> _Material shown_
────────────────────────────────────────

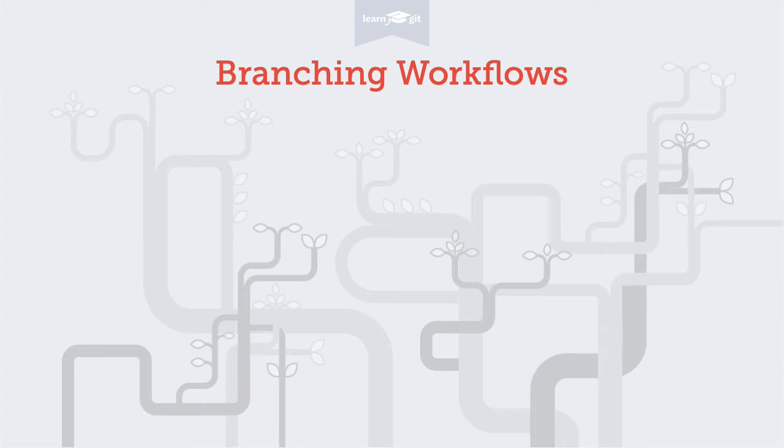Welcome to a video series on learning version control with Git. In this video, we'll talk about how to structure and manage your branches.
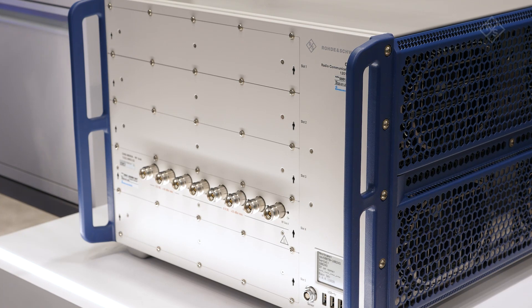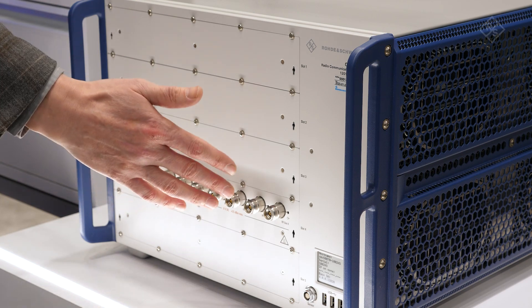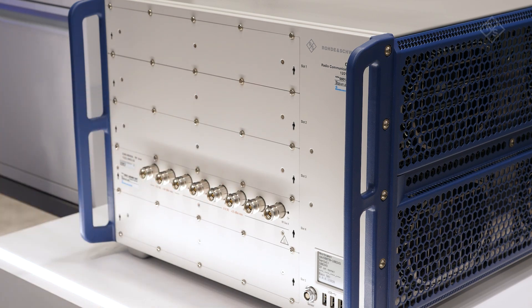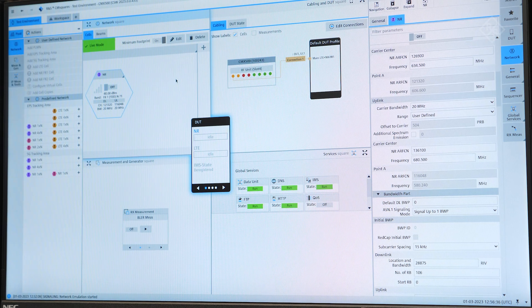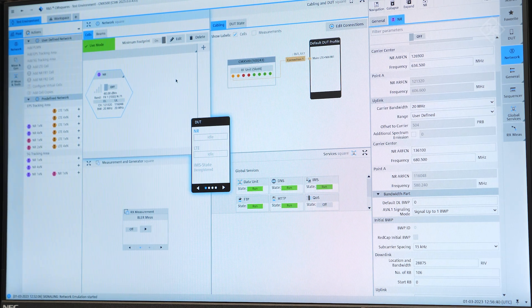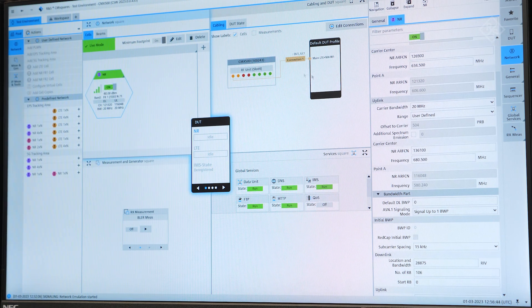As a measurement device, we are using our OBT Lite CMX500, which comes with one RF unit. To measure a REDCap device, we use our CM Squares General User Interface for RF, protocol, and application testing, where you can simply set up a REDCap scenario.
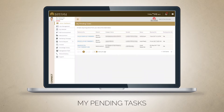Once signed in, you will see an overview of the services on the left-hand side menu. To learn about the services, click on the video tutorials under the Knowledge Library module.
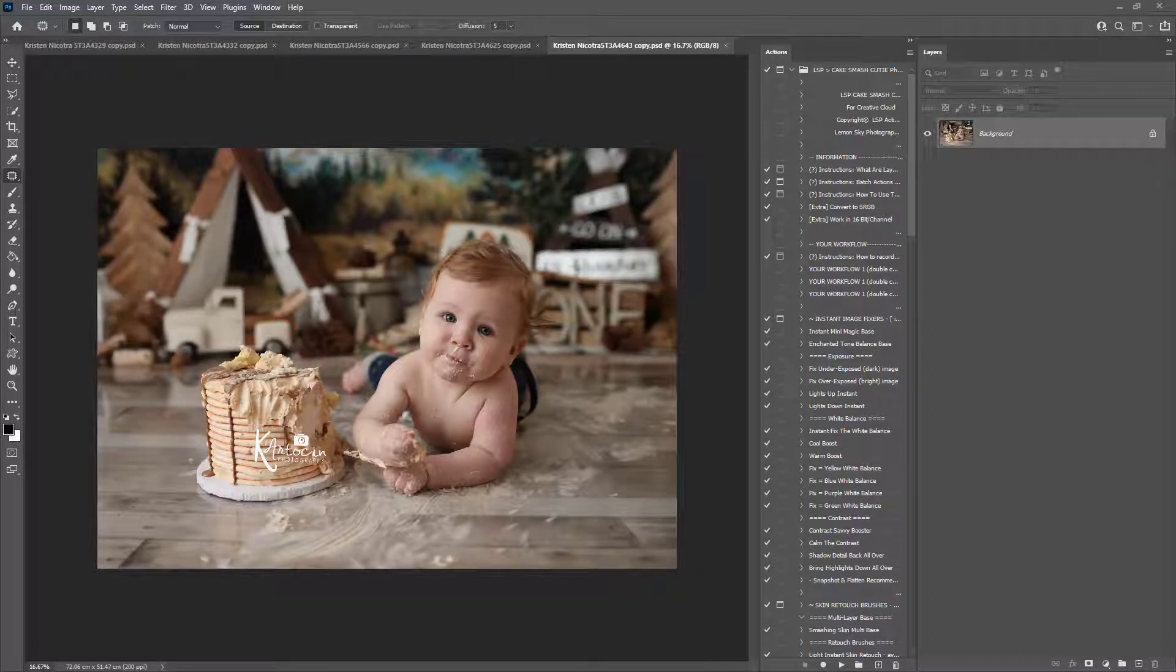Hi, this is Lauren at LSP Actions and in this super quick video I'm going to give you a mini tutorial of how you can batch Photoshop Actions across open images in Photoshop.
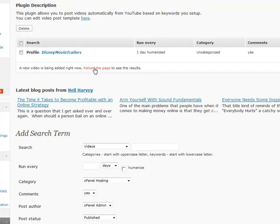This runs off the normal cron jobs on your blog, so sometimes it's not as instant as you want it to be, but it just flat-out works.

────────────────────────────────────────

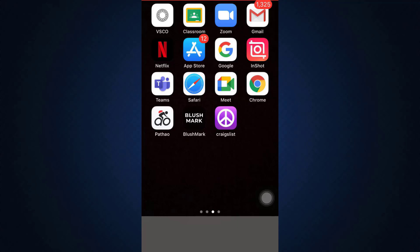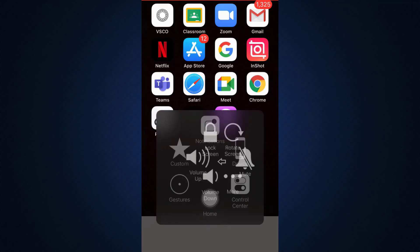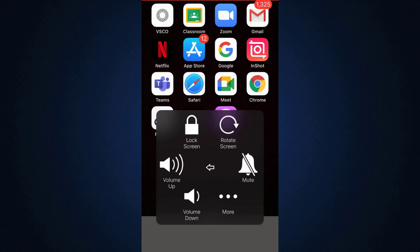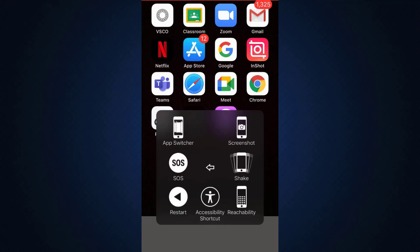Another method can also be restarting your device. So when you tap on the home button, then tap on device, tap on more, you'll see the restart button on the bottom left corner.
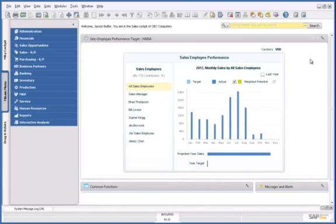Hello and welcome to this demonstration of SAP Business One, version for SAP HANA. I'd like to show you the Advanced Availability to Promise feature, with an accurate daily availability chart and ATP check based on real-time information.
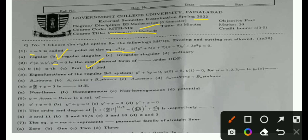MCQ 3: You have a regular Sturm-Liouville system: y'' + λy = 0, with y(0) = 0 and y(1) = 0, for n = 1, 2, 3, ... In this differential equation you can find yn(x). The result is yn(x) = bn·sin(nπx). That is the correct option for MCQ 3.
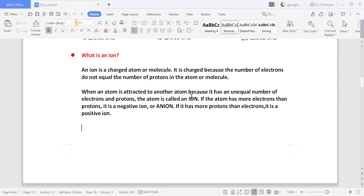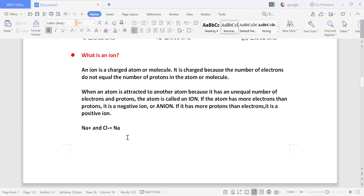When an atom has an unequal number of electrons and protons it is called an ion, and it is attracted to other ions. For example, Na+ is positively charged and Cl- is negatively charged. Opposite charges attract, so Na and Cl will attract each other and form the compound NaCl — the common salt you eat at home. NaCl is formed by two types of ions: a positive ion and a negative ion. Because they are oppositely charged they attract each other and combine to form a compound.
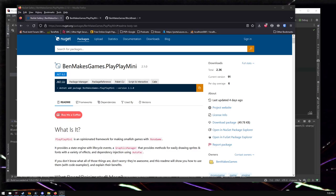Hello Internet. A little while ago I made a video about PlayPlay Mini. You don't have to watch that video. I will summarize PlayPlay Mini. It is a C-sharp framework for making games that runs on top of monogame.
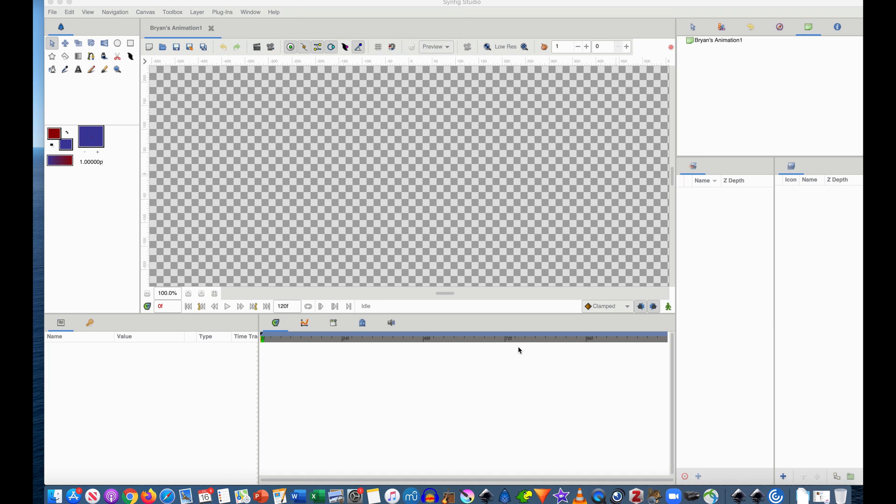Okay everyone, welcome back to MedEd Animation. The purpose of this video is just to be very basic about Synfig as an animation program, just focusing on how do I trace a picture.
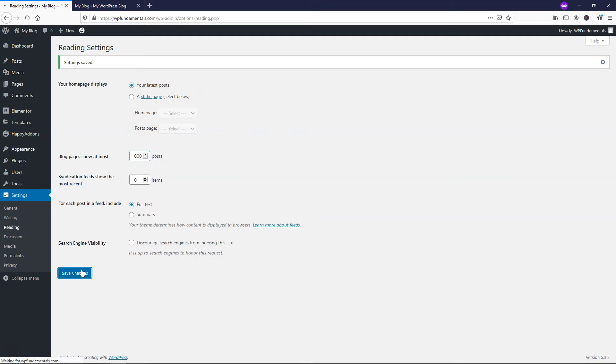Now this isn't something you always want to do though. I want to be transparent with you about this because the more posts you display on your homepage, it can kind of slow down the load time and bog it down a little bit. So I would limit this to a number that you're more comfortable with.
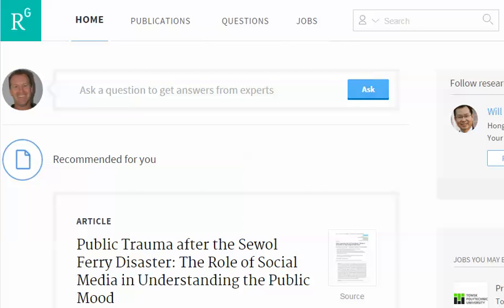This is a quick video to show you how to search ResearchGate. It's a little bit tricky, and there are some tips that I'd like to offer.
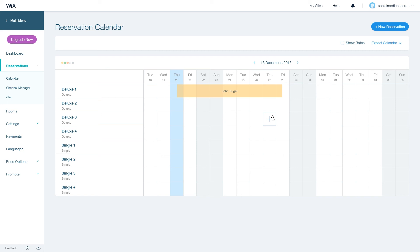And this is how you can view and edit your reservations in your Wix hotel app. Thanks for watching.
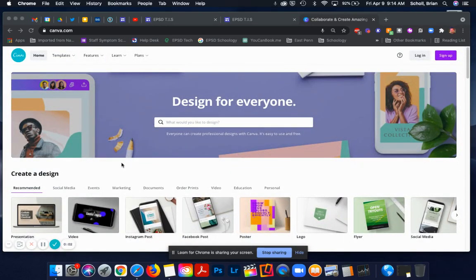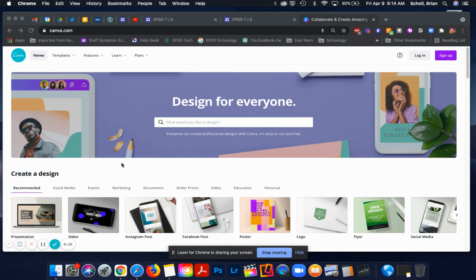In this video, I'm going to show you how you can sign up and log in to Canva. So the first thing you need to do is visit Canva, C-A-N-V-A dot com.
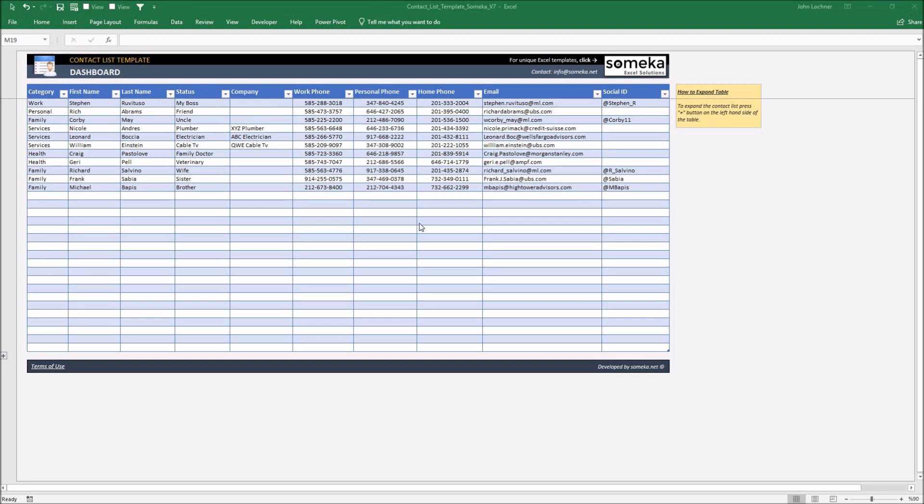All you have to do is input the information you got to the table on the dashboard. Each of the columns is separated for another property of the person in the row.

────────────────────────────────────────

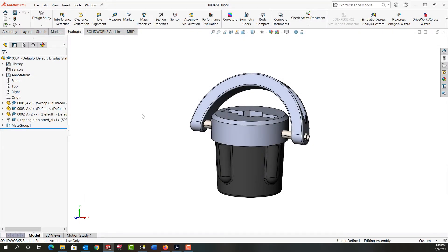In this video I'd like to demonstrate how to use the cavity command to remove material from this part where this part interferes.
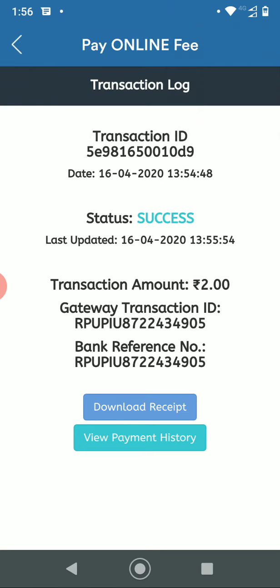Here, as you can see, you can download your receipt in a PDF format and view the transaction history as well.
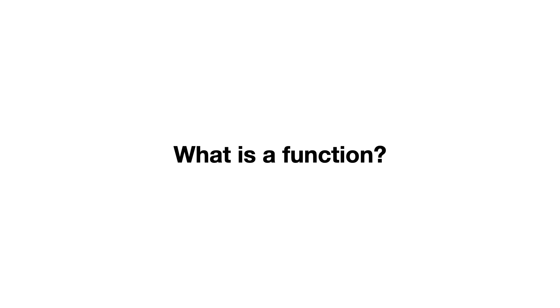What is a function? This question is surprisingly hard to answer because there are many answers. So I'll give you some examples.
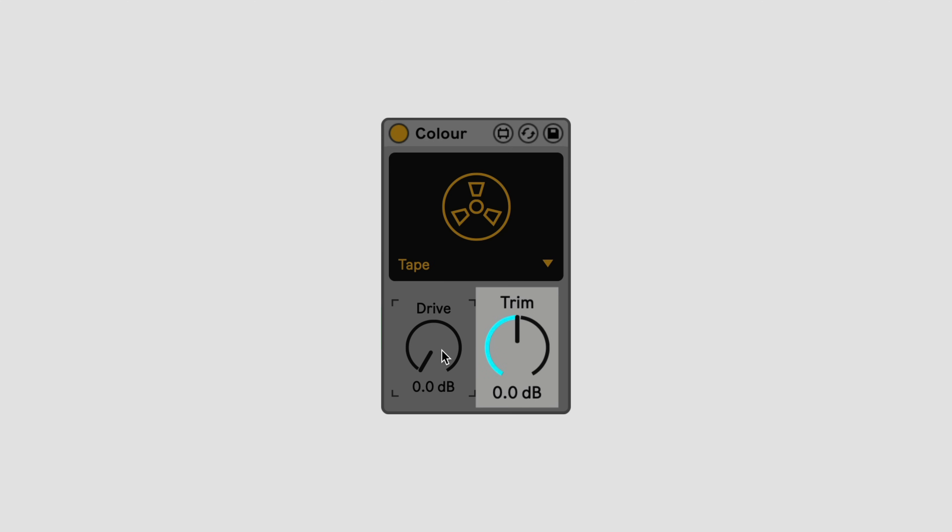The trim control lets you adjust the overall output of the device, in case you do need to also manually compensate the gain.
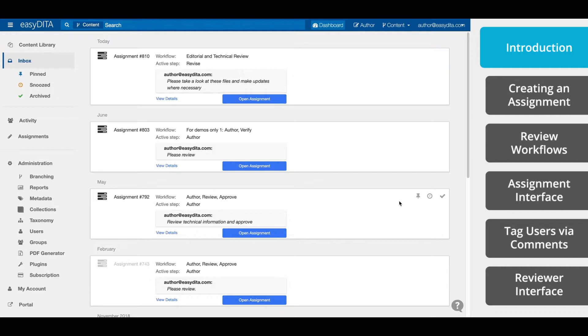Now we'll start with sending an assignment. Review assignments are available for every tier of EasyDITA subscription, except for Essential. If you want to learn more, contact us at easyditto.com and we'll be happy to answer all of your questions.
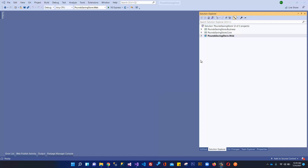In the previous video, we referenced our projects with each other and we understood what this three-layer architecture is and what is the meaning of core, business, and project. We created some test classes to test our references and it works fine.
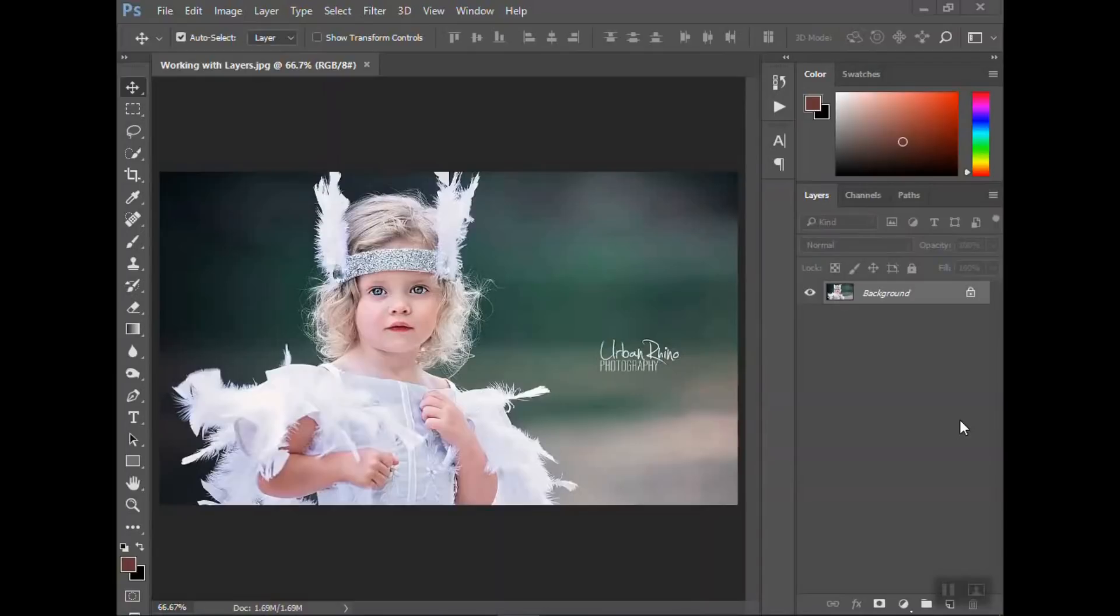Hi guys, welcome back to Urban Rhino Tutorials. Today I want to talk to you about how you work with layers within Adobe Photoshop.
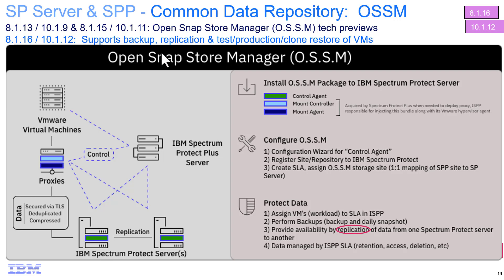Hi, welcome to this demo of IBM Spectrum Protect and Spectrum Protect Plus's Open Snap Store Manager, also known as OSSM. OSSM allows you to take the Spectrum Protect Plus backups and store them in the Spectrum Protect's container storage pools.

────────────────────────────────────────

> _Task statement_
Going by the data above, give back only the lines from the one containing "MCQ 3: You have" through the one containing "This is a quick", exactly as they stand, both ends included and no images.

> _Problem solution_
MCQ 3: You have a regular Sturm-Liouville system: y'' + λy = 0, with y(0) = 0 and y(1) = 0, for n = 1, 2, 3, ... In this differential equation you can find yn(x). The result is yn(x) = bn·sin(nπx). That is the correct option for MCQ 3.
When an atom has an unequal number of electrons and protons it is called an ion, and it is attracted to other ions. For example, Na+ is positively charged and Cl- is negatively charged. Opposite charges attract, so Na and Cl will attract each other and form the compound NaCl — the common salt you eat at home. NaCl is formed by two types of ions: a positive ion and a negative ion. Because they are oppositely charged they attract each other and combine to form a compound.
Hello Internet. A little while ago I made a video about PlayPlay Mini. You don't have to watch that video. I will summarize PlayPlay Mini. It is a C-sharp framework for making games that runs on top of monogame.
Okay everyone, welcome back to MedEd Animation. The purpose of this video is just to be very basic about Synfig as an animation program, just focusing on how do I trace a picture.
Now this isn't something you always want to do though. I want to be transparent with you about this because the more posts you display on your homepage, it can kind of slow down the load time and bog it down a little bit. So I would limit this to a number that you're more comfortable with.
This is a quick video to show you how to search ResearchGate. It's a little bit tricky, and there are some tips that I'd like to offer.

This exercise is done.